Su tono prácticamente delató la respuesta, pero fingí ignorancia a propósito.
—Quiero saber cómo le va a Asuka.
Quizás intuyendo que la desccubrí, Nishikawa dejó de fingir y fue directa al grano. Seguramente llevaba tiempo albergando las mismas preocupaciones que yo desde el principio.
Para averiguar el recuento exacto de fichas de una persona en concreto, los únicos métodos infalibles eran establecer contacto físico directo o llamarla por radio.
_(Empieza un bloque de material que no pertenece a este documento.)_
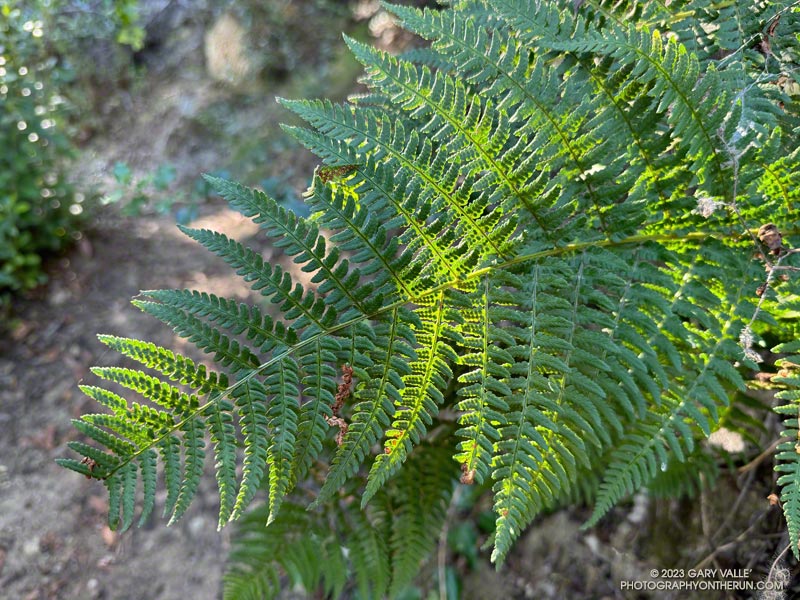 Wood fern along the Garapito Trail. October 8, 2023.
El primero dependía en gran medida de la suerte, mientras que el segundo consumía valiosas fichas. Ninguno de los dos era sencillo.
—¿No resolvería tu problema llamar directamente a Shiraishi? —pregunté.
—Es una chica amable. Aunque esté en apuros, creo que me ocultaría la verdad. Pero como tú eres el líder de la clase, Ayanokouji-kun, creo que a ti te responderá con sinceridad.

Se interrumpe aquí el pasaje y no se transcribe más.